Abstract:Large Language Models have achieved remarkable success in natural language processing tasks, with Reinforcement Learning playing a key role in adapting them to specific applications. However, obtaining ground truth answers for training LLMs in mathematical problem-solving is often challenging, costly, and sometimes unfeasible. This research delves into the utilization of format and length as surrogate signals to train LLMs for mathematical problem-solving, bypassing the need for traditional ground truth answers.Our study shows that a reward function centered on format correctness alone can yield performance improvements comparable to the standard GRPO algorithm in early phases. Recognizing the limitations of format-only rewards in the later phases, we incorporate length-based rewards. The resulting GRPO approach, leveraging format-length surrogate signals, not only matches but surpasses the performance of the standard GRPO algorithm relying on ground truth answers in certain scenarios, achieving 40.0\% accuracy on AIME2024 with a 7B base model.
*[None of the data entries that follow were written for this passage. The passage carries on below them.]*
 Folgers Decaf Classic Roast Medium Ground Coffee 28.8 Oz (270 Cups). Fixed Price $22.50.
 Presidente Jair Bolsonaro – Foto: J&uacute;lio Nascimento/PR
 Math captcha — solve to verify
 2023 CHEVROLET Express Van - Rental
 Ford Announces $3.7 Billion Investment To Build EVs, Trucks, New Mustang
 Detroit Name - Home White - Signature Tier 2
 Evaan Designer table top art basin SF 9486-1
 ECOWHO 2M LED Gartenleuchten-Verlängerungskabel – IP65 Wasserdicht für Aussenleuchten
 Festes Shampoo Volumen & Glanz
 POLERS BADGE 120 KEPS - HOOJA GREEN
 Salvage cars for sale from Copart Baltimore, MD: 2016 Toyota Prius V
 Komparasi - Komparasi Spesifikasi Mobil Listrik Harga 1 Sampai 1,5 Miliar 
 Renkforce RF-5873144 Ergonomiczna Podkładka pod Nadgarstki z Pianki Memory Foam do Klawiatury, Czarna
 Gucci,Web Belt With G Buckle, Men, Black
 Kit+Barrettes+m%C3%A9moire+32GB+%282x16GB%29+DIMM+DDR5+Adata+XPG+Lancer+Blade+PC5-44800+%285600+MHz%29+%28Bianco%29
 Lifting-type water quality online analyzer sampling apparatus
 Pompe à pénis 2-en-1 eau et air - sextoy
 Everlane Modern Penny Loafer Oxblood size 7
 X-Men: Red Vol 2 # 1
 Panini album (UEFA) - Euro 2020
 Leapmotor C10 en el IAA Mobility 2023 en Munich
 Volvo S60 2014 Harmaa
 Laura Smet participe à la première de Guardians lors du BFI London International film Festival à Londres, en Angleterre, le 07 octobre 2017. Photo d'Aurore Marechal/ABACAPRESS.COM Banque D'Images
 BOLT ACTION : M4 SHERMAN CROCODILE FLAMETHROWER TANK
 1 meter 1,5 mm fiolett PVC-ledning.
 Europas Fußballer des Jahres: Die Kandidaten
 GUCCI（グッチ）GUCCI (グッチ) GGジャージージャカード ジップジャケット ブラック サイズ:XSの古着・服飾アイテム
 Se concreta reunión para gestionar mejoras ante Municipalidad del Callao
Through systematic exploration and experimentation, this research not only offers a practical solution for training LLMs to solve mathematical problems and reducing the dependence on extensive ground truth data collection, but also reveals the essence of why our label-free approach succeeds: base model is like an excellent student who has already mastered mathematical and logical reasoning skills, but performs poorly on the test paper, it simply needs to develop good answering habits to achieve outstanding results in exams , in other words, to unlock the capabilities it already possesses.